Convention over Configuration

I like the benefits offered from Convention over Configuration.

I probably came across a serious application of it first when looking into Maven, where you are given you project structure and if you follow it, most of the work of looking after you project is done for you. You can of course choose your own, but then it’s up to you to sort it out.

More recently I have found it with grails. Again, your project structure is provided and if you create a file in the domain directory, that is assumed to be a domain object and the framework will, if asked, create a controller and views for it.

Convention over Configuration has enabled me to get into [insert target technology here] quickly, without getting caught up in the sort of lengthy set up that might just be too involved for the time you have available.
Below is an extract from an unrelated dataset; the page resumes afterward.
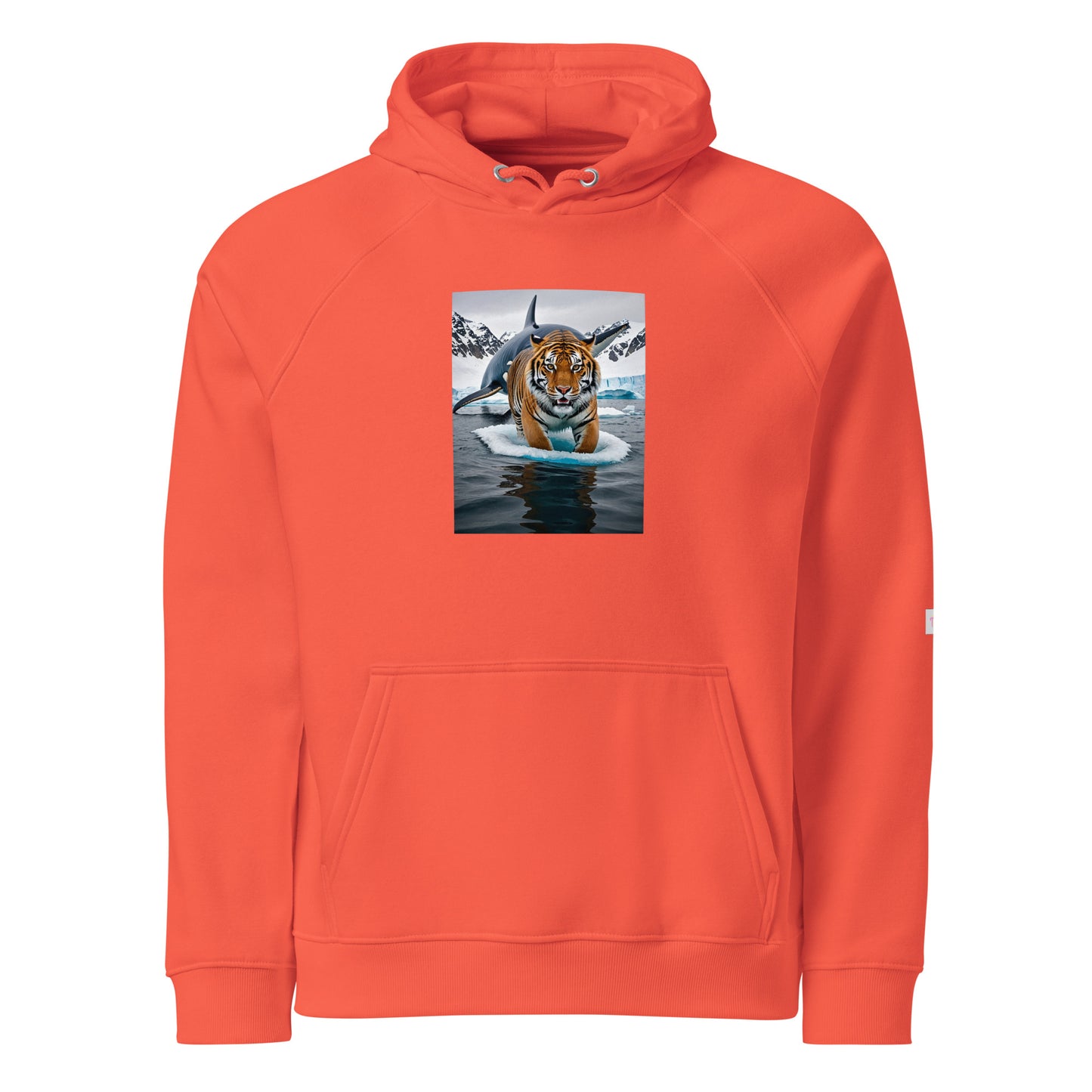 Unisex eco raglan hoodie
Imagine taking an hour out of your day to get a handle on your first aspect of J2EE, something like JMS for instance.

Actually, how long would take you to knock up a “Hello World” message driven bean when you do know what you are doing?
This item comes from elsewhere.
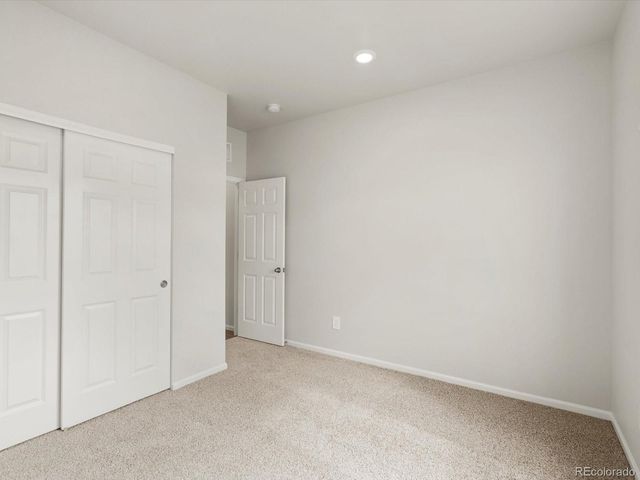 1597 Colorado River Drive, Windsor, CO 80550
Unfortunately, these benefits have only really been mine and not the projects I’ve been working on. Over a number of years, I have been involved early enough to have been involved in some aspect of the inception phase of a number of projects. In many of these there was time spent on defining the project structure. Not the architecture or the design, just where the the source folder was going to be in respect to the lib folder or what the package name for tests would look like. I’m not talking months of discussion here, but time, each time nevertheless. So even this small part of convention would have been beneficial.